Take the line that contains "Pre Owned Christian" and each line after it to the end of the data below, and set them down exactly, omitting pictures.

→ Raw data
BEGIN

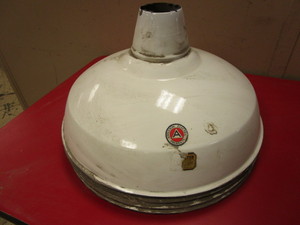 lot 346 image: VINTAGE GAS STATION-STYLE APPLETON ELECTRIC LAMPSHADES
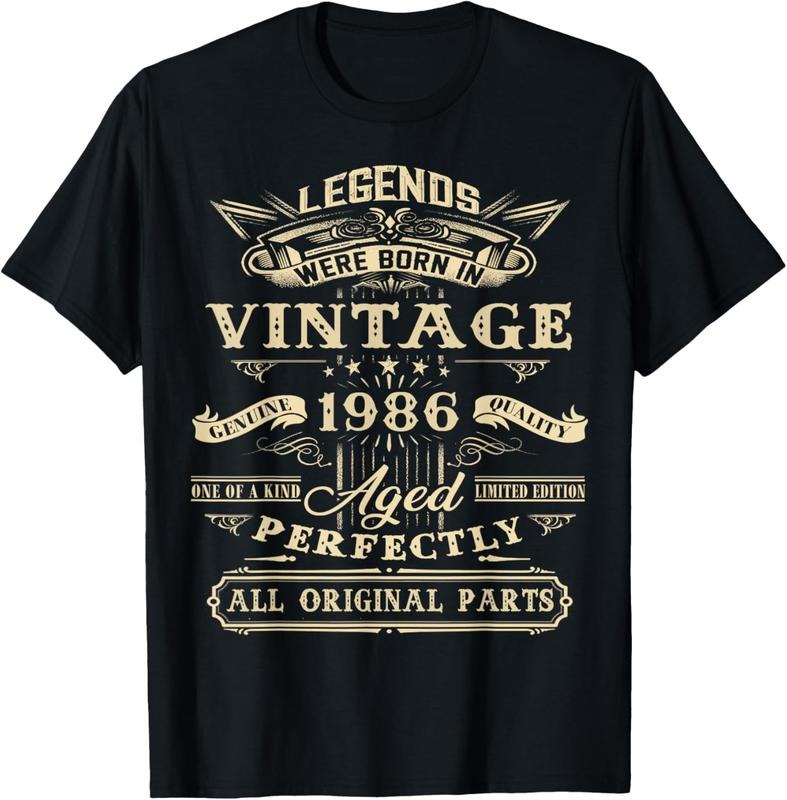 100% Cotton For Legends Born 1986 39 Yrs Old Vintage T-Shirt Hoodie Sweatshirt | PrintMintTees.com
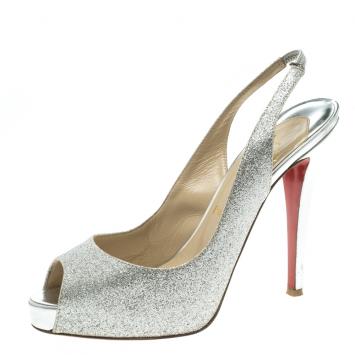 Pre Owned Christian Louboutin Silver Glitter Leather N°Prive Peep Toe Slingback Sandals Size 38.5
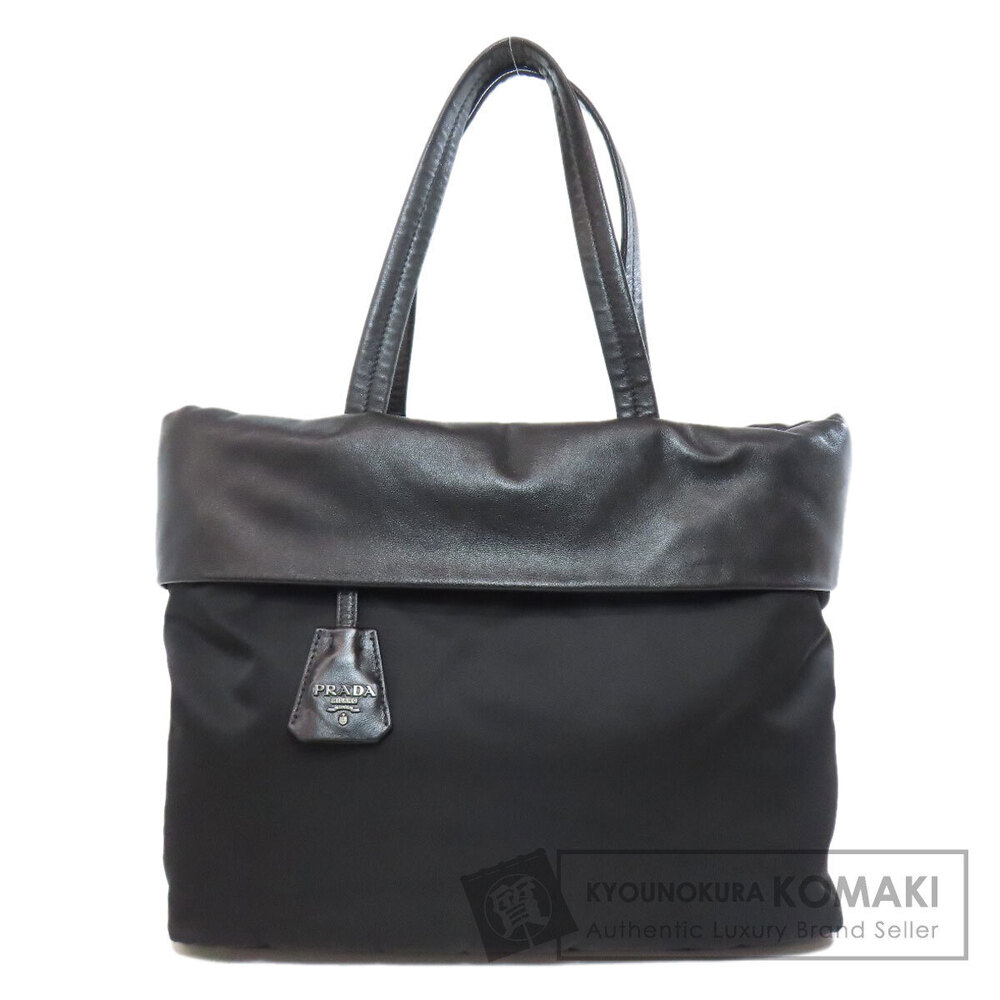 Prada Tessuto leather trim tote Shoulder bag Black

END

→ Exercise solution
 Pre Owned Christian Louboutin Silver Glitter Leather N°Prive Peep Toe Slingback Sandals Size 38.5
 Prada Tessuto leather trim tote Shoulder bag Black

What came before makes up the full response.